On our main home page, we post both top line search data and browser statistics. We like to do that because, the founder of Seattle Organic SEO is a data nut and more importantly, it helps our clients know what to think about when it comes to users finding them. If there was simply one browser, one search engine and one operating engine, it would be much simpler, wouldn’t it? However, it’s no fun to have just two evil empires like Microsoft and Google. 😉
I was (and still do simply for trending reasons, but may switch later) using statistics from w3schools (on our main page) which I’ve seen as an internet resource for many years. They’ve been collecting data from log files for 5 years now and I trust they’re relatively reliable.
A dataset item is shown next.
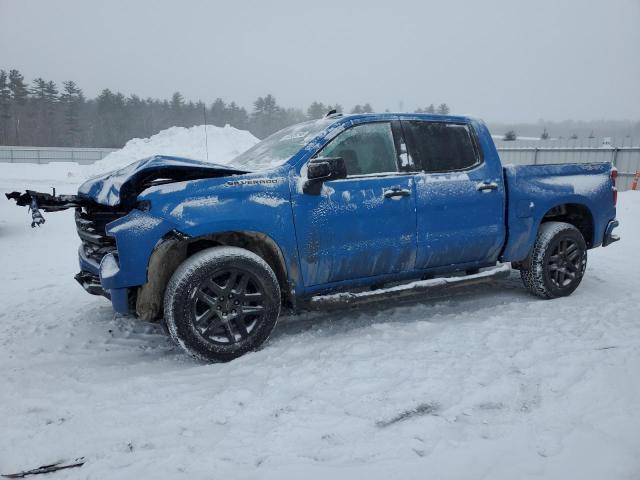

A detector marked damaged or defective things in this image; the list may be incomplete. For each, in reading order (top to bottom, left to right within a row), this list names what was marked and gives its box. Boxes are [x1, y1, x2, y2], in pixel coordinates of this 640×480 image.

crumpled hood [79, 154, 248, 206]
damaged blue truck [6, 112, 620, 360]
However, after doing a bit more research, I noticed that the percentages of browser use were significantly different from a company that appears to be taking browser statistics quite seriously. From a local Seattle reporter/blogger, Nick Eaton who writes for the Microsoft Blog in the Seattle PI, he quotes Net Applications which identifies usage share statistics for the browsers as (data generated Dec 13, 2010 @ hitslink):
- 58.44% Microsoft Internet Explorer (over 28% different from W3Schools)
- 22.76% Mozilla Firefox (over 21% different from W3Schools)
- 9.26% Google Chrome (close to 10% different)
- 5.55% Apple’s Safari (over 1% different)
- 2.2% Opera (similar data)
These numbers are a stark contrast to the statistics provided by W3Schools. See in the parentheses above for the discrepancies. You can see that Internet Explorer is #1 according to Net Applications, the source from the PI article/blog post and W3Schools has Firefox ahead of IE by a bit.
I found a 3rd source from another statistics company called statcounter that’s been around the (Internet) block for a while. They also collect browser stats and the following is their opinion on the browser war:
Statcounter’s summary is basically:
- 48.16% IE (as of Nov 2010)
- 31.17% Firefox
- 13.35% Chrome
- 4.7% Safari
- 2.01% Opera
So, basically the latter 2 say IE still is the most used browser putting a 2 points in the win column for the behemoth from Redmond. However, as you can see from all 3 sources and from the article from the Seattle PI (or blog post…these days, I wonder if we can call a blog post an article; it was posted in an old school reputable newspaper), Google’s Chrome is gaining market share. From W3School’s standpoint, it’s quite significant. Well, beyond the efforts in their search engine Bing, Microsoft better, if they haven’t already start raising the red flags re: the browser battle for market share.
Then again, maybe they’ve already raised the white flag? I don’t recall any part of the reports to the financial markets how much money the browser has made for the company. Can someone comment on that?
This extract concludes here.